As if there weren’t enough fires to put out already within the eurozone, there’s another one flaring up outside the common-currency area, in Hungary. Budapest may well be the first EU government to default, pipping Athens to the dubious honour.
As if there weren’t enough fires to put out already within the eurozone,
there’s another one flaring up outside the common-currency area, in Hungary. Budapest may well be the first EU government to default, pipping Athens to the dubious honour. Yields on Hungarian
10-year debt have soared to 10.7 per cent, driving up yields in
neighbouring Poland and the Czech Republic. The next vulnerable flank of the EU has been exposed — central Europe.
As usual with the EU, politics lie behind the economic trouble. There’s a touch of irony in this case: Hungary’s current round of debt trouble (it’s already on an IMF loan) is partly because the EU refuses to support the constitutional changes that increase prime minister Viktor Orban’s control over the Hungarian central bank, judiciary and press. Where in other cases the EU machinery has been accused of reducing the democratic processes of member states, this time the financial fracas is due to EU basic law that seeks to ensure the autonomy of key institutions. Still, the core problem remains — EU ties are fraying because its members cannot or will not meet the common political and economic statutes.

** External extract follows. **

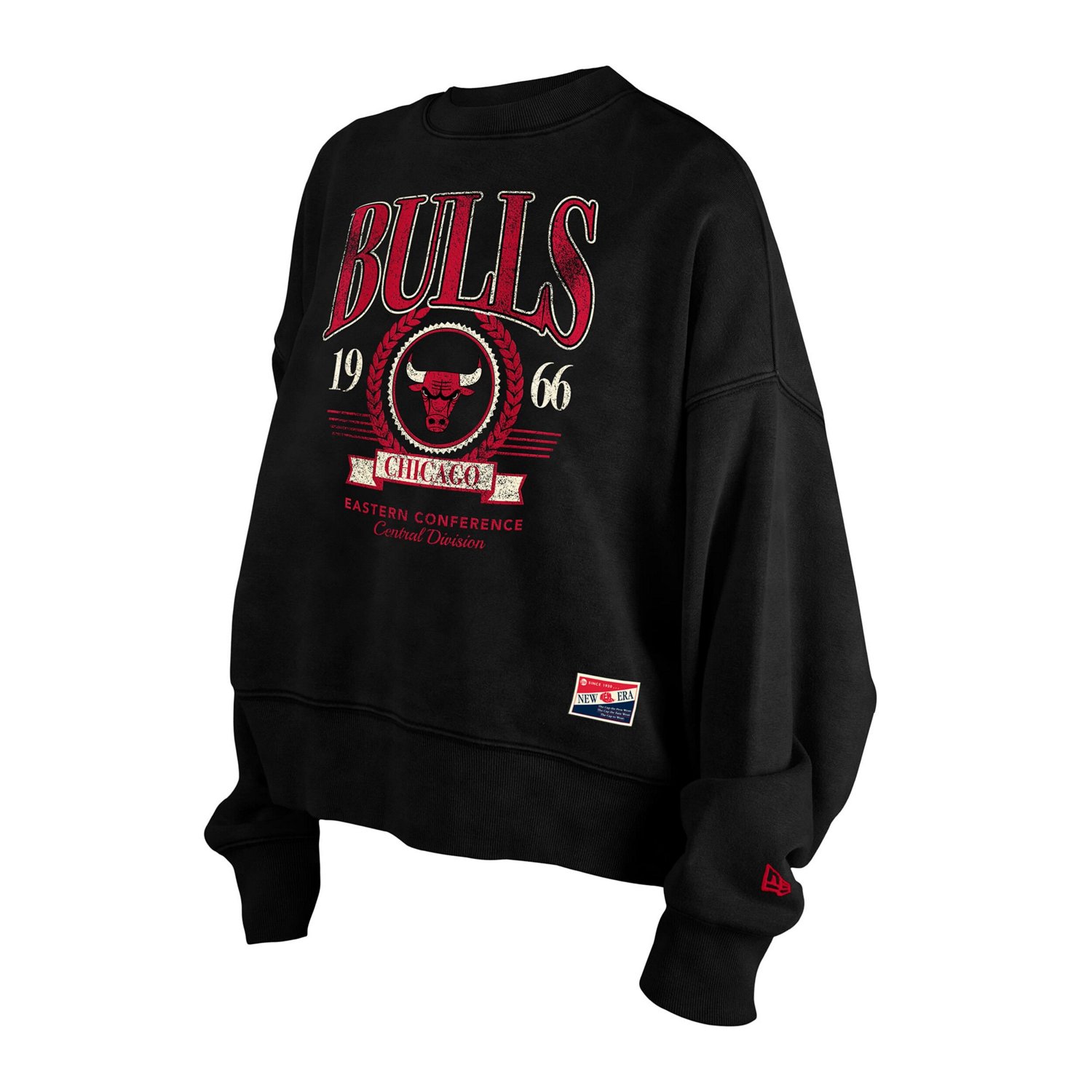 New Era Chicago Bulls Hardwood Classics Enzyme Wash Oversized Boxy Pullover Sweatshirt - view number 2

Hungary has to roll over some €5 billion of external debt this year. It’s supposed to sit down with IMF and EU officials later this month to discuss a refinancing agreement. A European Commission spokesman yesterday said talks are no longer on the cards, though Hungarian officials this evening say they are willing to 'negotiate' regarding the new central-bank laws.
The Budapest government already has had to cancel a bond swap auction and slash the quantity of bonds offered at a sale of short-term debt. Even with decreased supply, yields on Hungarian one-year bills rose to a dizzying 9.97 per cent (yields were around 7.9 per cent in the previous auction).

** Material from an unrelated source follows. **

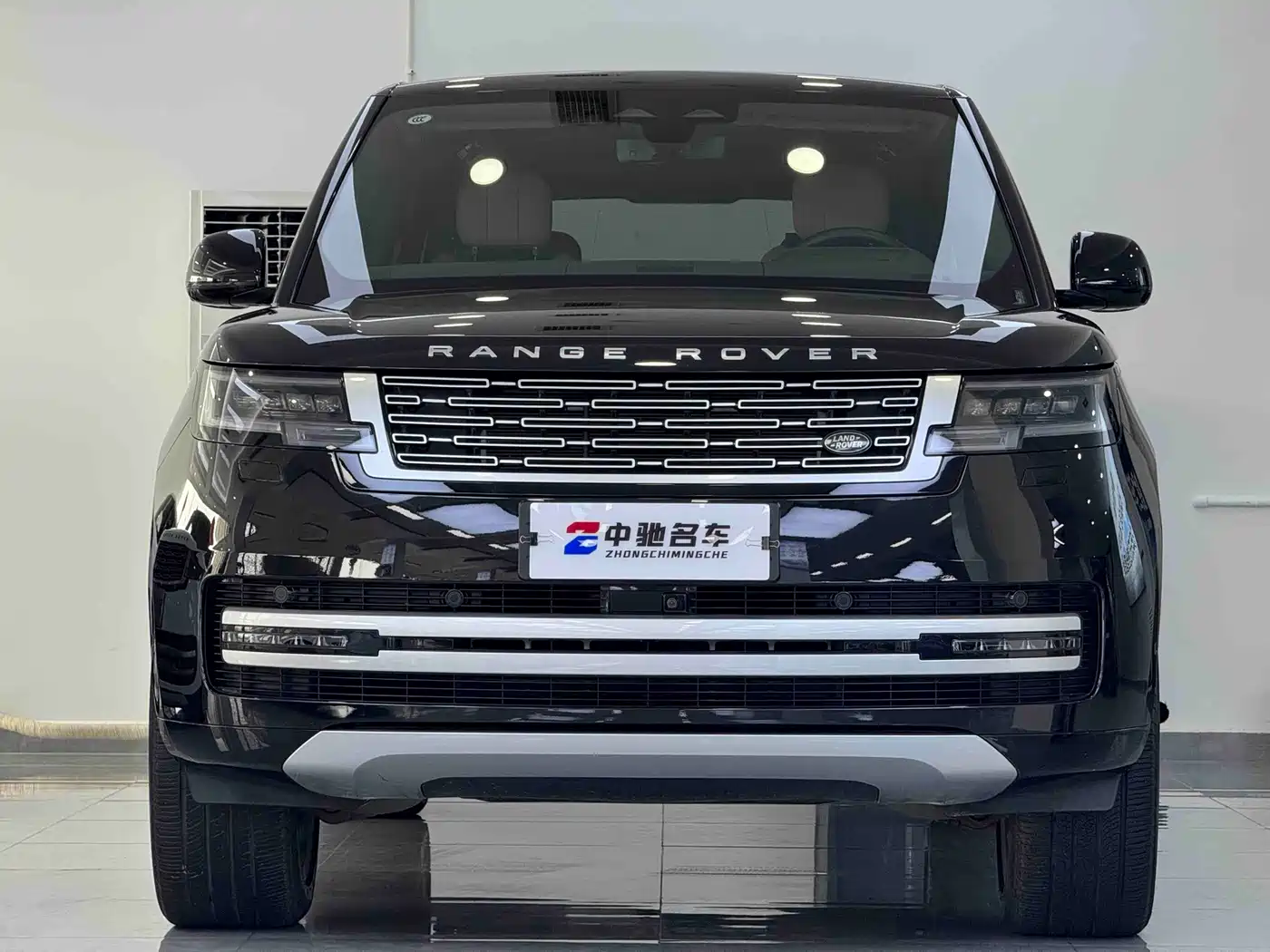 Land Rover Range Rover 2024 2024 3.0 L6 400PS Genesis Extended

Central and eastern Europe countries are already quite liable to a credit crunch – these were the areas that German and French banks cut their lending to, in trying themselves to remain liquid given exposure to the PIGS. The banks still holding significant Hungarian debt include Austrian and Italian institutions, according the Telegraph. Meanwhile, not only has the forint hit an all-time low against the euro, the zloty is tumbling as well. Hungary's credit-default swaps, at a record 690 basis points, are causing Austrian CDS to blow out as well.
And, speaking of PIGS, Spain has to ensure 50 billion euros of new bank provisions, while Greece’s aid timetable with the EU-IMF has been pushed back three months.
It seems the question now is not so much, ‘will there be a debt contagion in the EU?’ but rather, ‘where will this contagion come from?’